## Dataset section
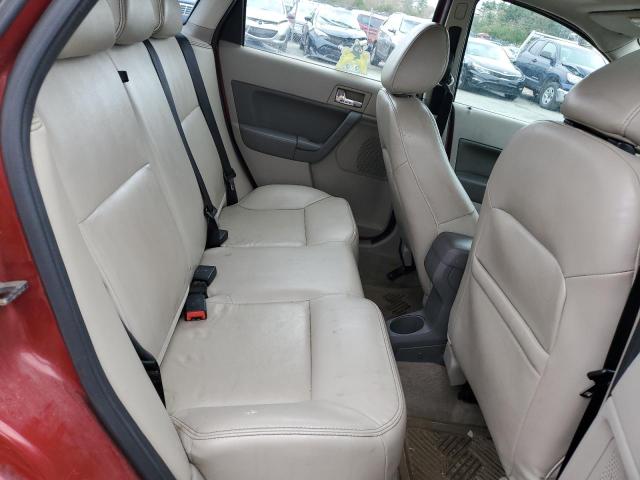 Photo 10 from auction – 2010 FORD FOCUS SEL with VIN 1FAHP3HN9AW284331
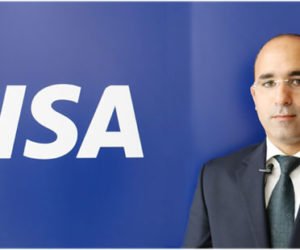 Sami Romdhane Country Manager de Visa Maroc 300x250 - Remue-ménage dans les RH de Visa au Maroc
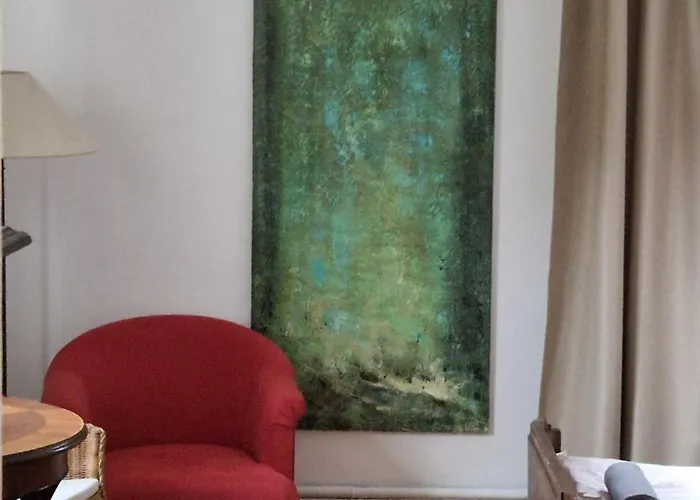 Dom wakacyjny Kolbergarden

## Task objective
Repeat word for word the lines from the one holding "Sami Romdhane Country" through the last line of the listing above, including both ends. Drop the pictures.

## Your response
 Sami Romdhane Country Manager de Visa Maroc 300x250 - Remue-ménage dans les RH de Visa au Maroc
 Dom wakacyjny Kolbergarden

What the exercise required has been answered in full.